== Record set ==

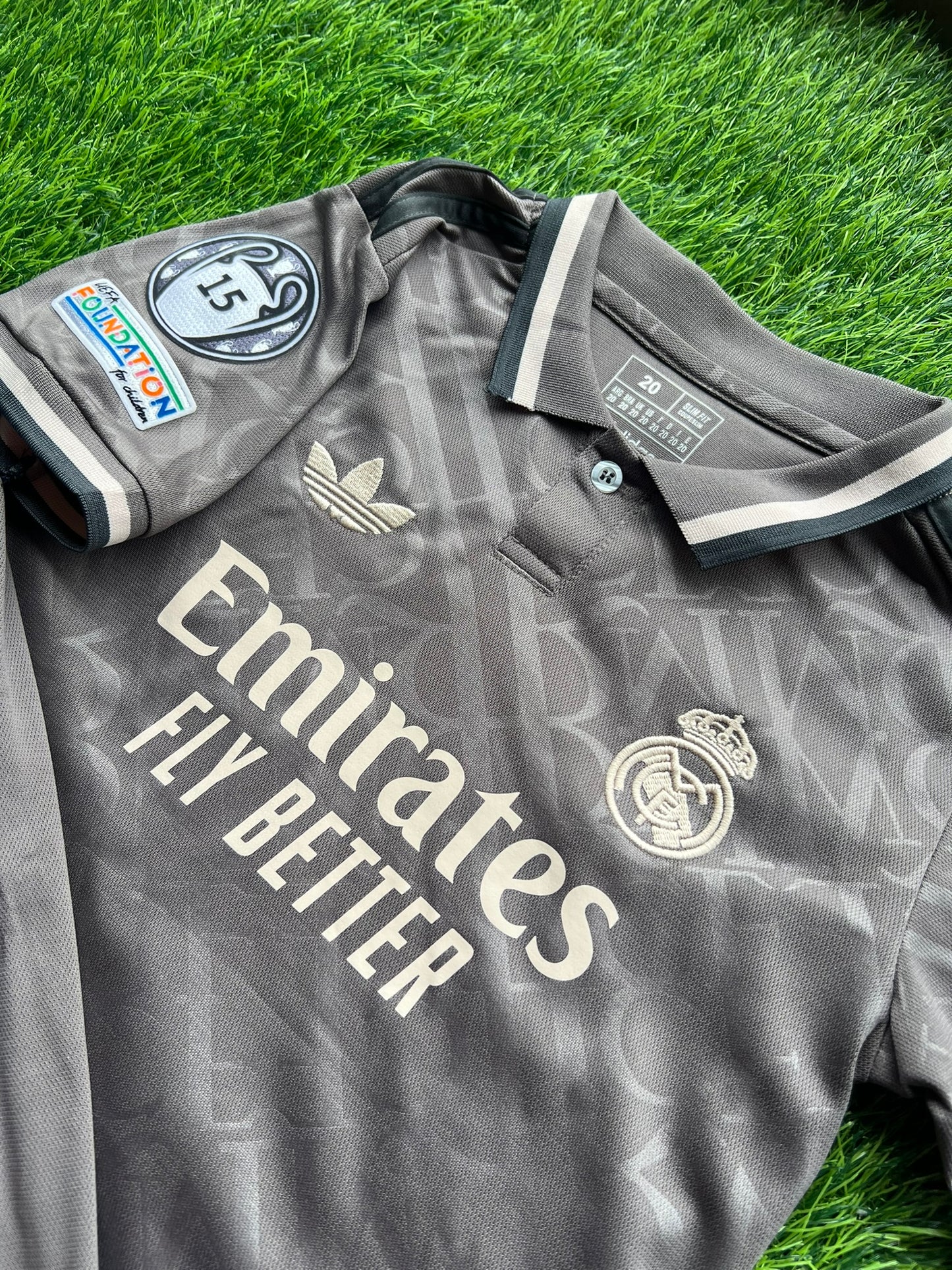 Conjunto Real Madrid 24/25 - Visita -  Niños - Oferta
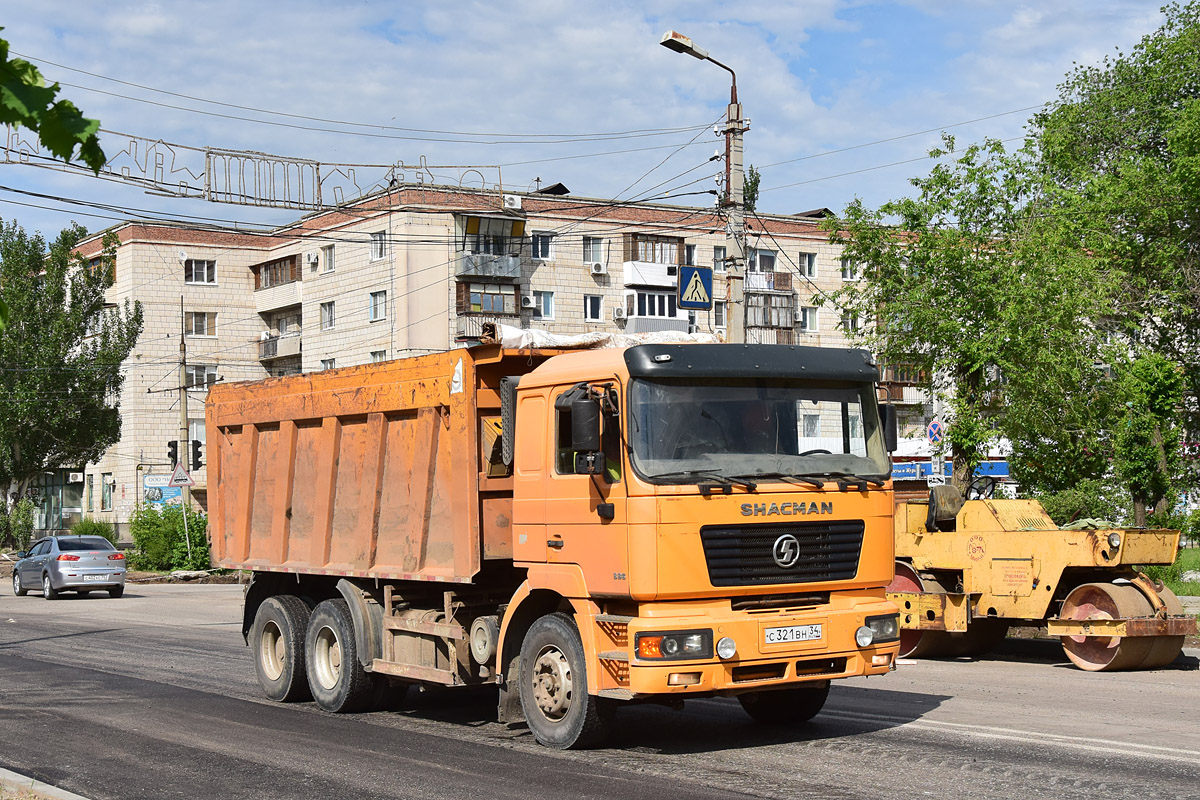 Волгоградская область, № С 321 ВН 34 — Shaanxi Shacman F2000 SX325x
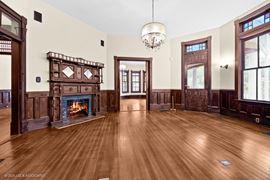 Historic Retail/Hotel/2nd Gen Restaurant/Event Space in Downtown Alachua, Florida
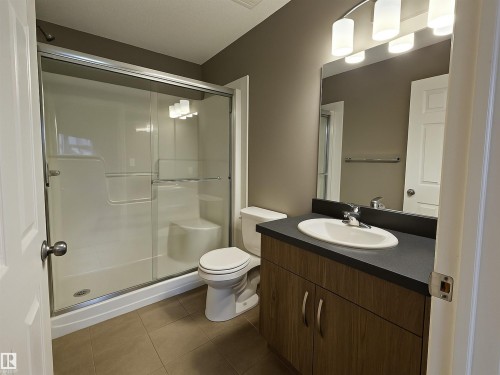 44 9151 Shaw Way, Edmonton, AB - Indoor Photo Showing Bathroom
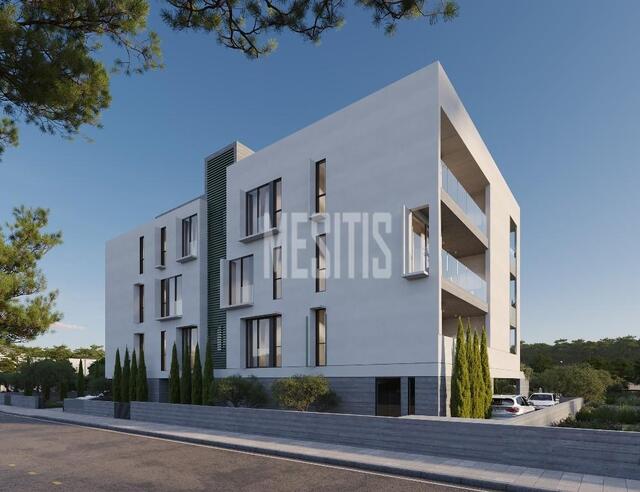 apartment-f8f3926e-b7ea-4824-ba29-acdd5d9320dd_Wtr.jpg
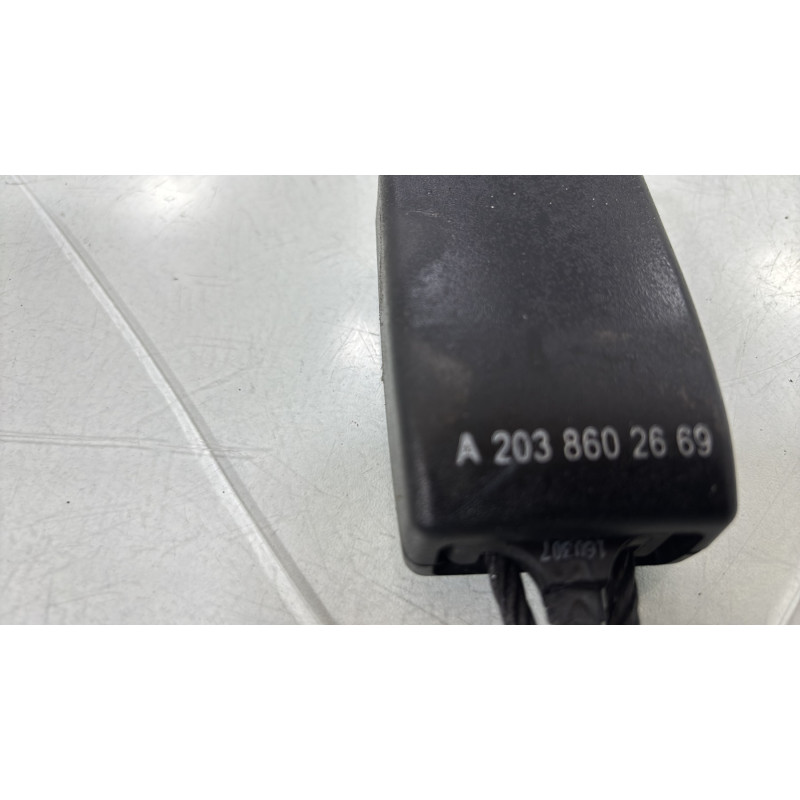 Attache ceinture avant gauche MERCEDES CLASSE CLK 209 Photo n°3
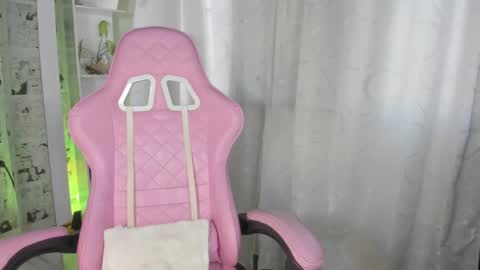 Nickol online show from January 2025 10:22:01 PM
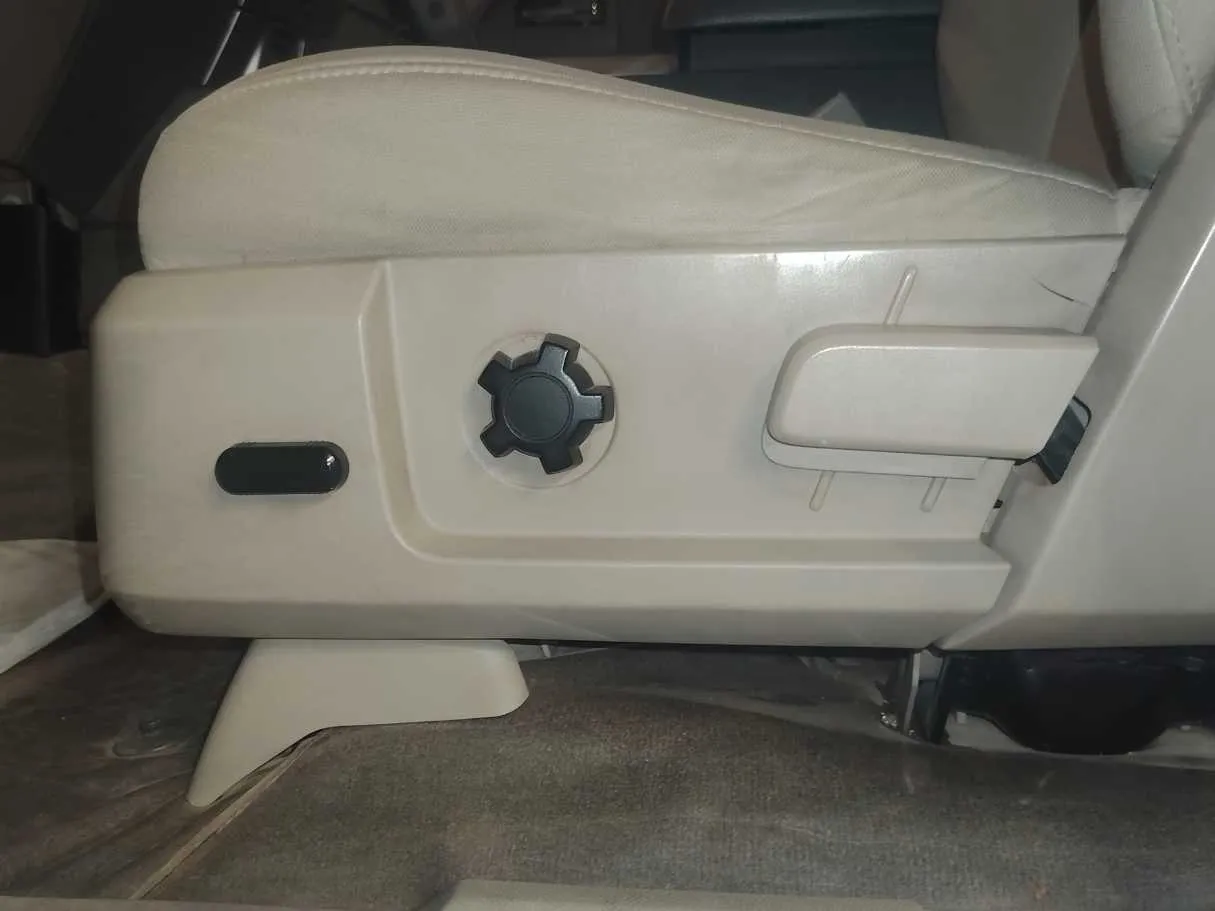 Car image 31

===

• **Your task**:
The line containing "apartment-f8f3926e-b7ea-4824-ba29-acdd5d9320dd_Wtr.jpg" marks where the copy ends; print every line before it from the start of the records, and that line too, but no pictures.

• **Exercise answer**:
 Conjunto Real Madrid 24/25 - Visita -  Niños - Oferta
 Волгоградская область, № С 321 ВН 34 — Shaanxi Shacman F2000 SX325x
 Historic Retail/Hotel/2nd Gen Restaurant/Event Space in Downtown Alachua, Florida
 44 9151 Shaw Way, Edmonton, AB - Indoor Photo Showing Bathroom
 apartment-f8f3926e-b7ea-4824-ba29-acdd5d9320dd_Wtr.jpg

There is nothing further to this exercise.